The Dependency Syndrome
Prevention and Early Detection
Those following medical reports these days are aware that several themes keep recurring. One is the importance of prevention of serious illness. Another theme is early detection. Of course, the third is radical surgery to correct that which has gone too far. Both prevention and early detection improve the health of a population. When done appropriately, those two can help to avoid radical surgery. No doubt about it.
I frequently get e‑mails from missionaries or church planters who are struggling with a full‑blown case of dependency which was neither prevented nor detected early. Recently a vivid example appeared in my inbox.

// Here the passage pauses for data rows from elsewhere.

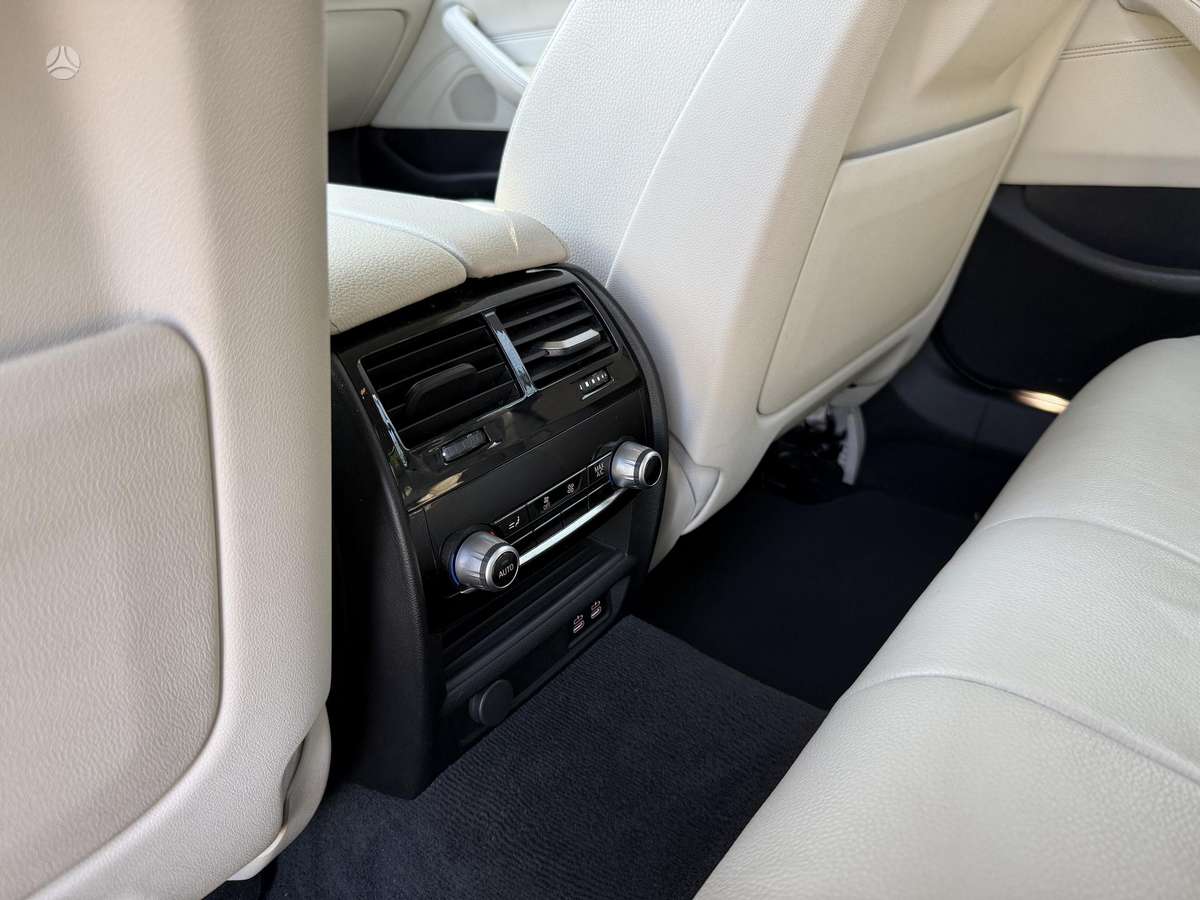 BMW 520, 2.0 l., Седан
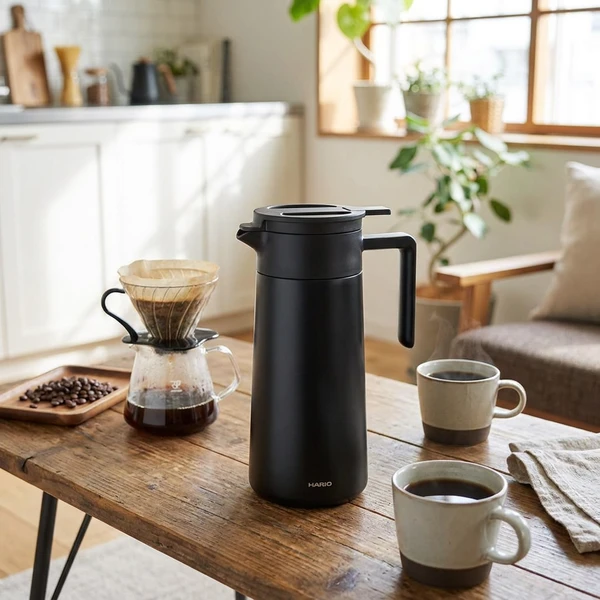 Termoskanna med keramisk beläggning 800ml (dubbelväggig) - Hario CHP-800-B  color Svart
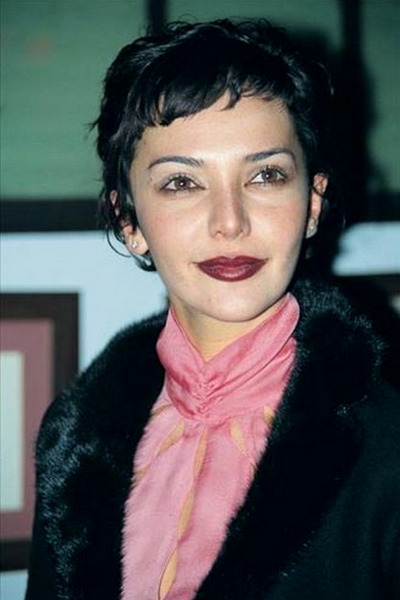 Hande Ataizi; Bursa, Türkiye doğumlu Türk oyuncu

A congregation in the southern part of the United States decided to begin a separate service for people in the community who do not speak English as their first language. They are to be commended for wanting to see the gospel presented in the heart language of the people. Unfortunately they were not familiar with what it takes to avoid dependency in a newly planted church. Neither were they very good at early detection when the symptoms began to appear. Now they have a full-blown dependency problem.
In their desire to be helpful, they paid with outside funds the pastor who was assigned to preach for the new congregation. Unfortunately this gave the wrong impression from the beginning. The pastor was perceived as “owned” by the people who paid him. The people in the newly planted congregation were glad to let someone else pay their pastor.
Second, out of their compassion, the people planting the church gave the new congregation free use of a building. Later on, another congregation in the area, without obligation, gave them a church building they no longer needed. The new congregation was enjoying a free pastor and a free building. Now the people who planted the church are wondering why the new congregation feels no responsibility for their pastor or building.
By the time things got this far, the people planting the church were wondering what they should do. Obviously it was too late for prevention or early detection. This would take radical measures—perhaps major surgery. Simple bandages would not be much help.
It does not mean that the situation is irreversible. However, someone will need to think and pray seriously about how to resolve the dependency mentality which developed. The following are a few suggestions.
First, the well‑meaning church planters need to recognize that they gave the impression that a new congregation doesn’t need to contribute to the cost of running its own church. However compassionate they were, they gave new believers in a new congregation the impression that church is free.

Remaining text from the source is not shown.